赤平川にかかる桜井橋を渡ったところにあるリゾートホテル「バイエル」付属の温泉「星音(せいね)の湯」のお食事処でソバとイナリの昼食とする。このかいわいで食事のできるラストチャンスであったので幸運だった。一般に秩父盆地の川はいずれも深く大地に切り込んでいて渓谷美を満喫させてくれる。奈良川橋を渡り、馬頭尊から谷間に入り込み、途中から古道に入る。頼母沢に下り、再度古道に入って札立峠を越える。 もう普通の登山と変らぬ山道である。西川はちゃっかり山用のストックを持ってきていたが、用意のないメンバーは木の枝をストック代わりに使っての山越えである。クマよけの鈴を持ってこなかったため、この木の枝を路傍の竹に打ち付けて音を発しながら登った。

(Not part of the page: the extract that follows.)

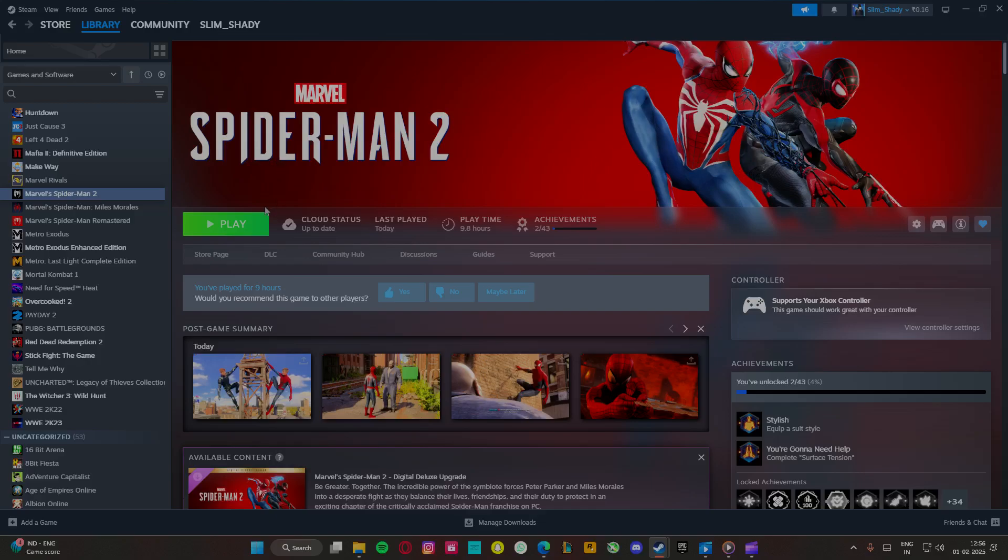also better framerate. Please let me know if this fixes your issues. If it doesn't, please add a comment. Thank you so much.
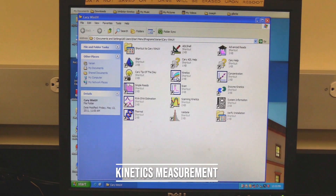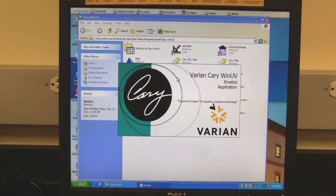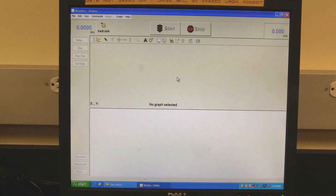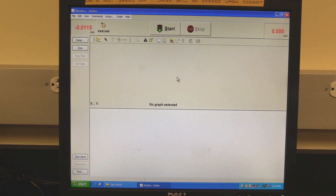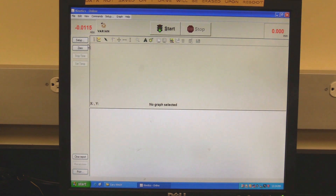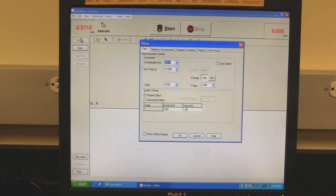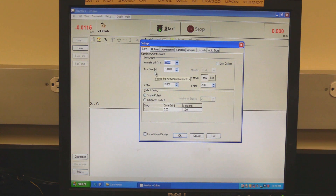Kinetics measurement. In the Cary Win UV folder, double-click on the kinetics icon. Wait for the software to open and initialize. The instrument will be finished initializing when the absorbance reading turns red. Click on setup to set measurement parameters. Setup should open to the Cary tab. In the instrument section, set the desired wavelength, average time, and X mode time scale in minutes or seconds.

札立峠には昔は茶屋が4軒あったという。谷筋を下れば34番水潜寺である。34番水潜寺の観音堂は修理中だった。 ここに湧き出る長命水は美味。空になったペットボトルを満たす。これで満願。バスは終わっていたので満願の湯まで2.5km歩く。

満願の湯の露天風呂からは滝が見え、なかなかよかった。この休憩室で生ビールで乾杯。18:30西武秩父駅発の電車に間に合うようにタクシーを呼ぶ。各人15,000円出資した資金で宿代、昼食代、タクシー代、飲み代を支払って余りが出た。

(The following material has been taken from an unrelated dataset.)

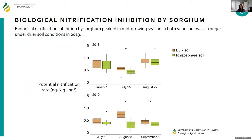What was consistent across both study years was one pattern: BNI by sorghum peaked in the mid-growing season, in the July date. This effect was stronger under the drier soil conditions in 2019. We think this has to do with BNI compounds remaining more concentrated in the rhizosphere under drier conditions, since they weren't moving away as much. So we were able to detect a stronger BNI signal in 2019.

西川と池田は西国33ヶ所を全て廻っているようだ。 ニューヨークマラソンにも参加している池田は秩父の前半はマラソン巡礼をしてみようかと言っている。グリーンウッド氏も年内には西国のめぼしいところを廻って見做し満願ということにしたい。そして坂東33ヶ所廻れば100霊所満願御礼参りができるというものだ。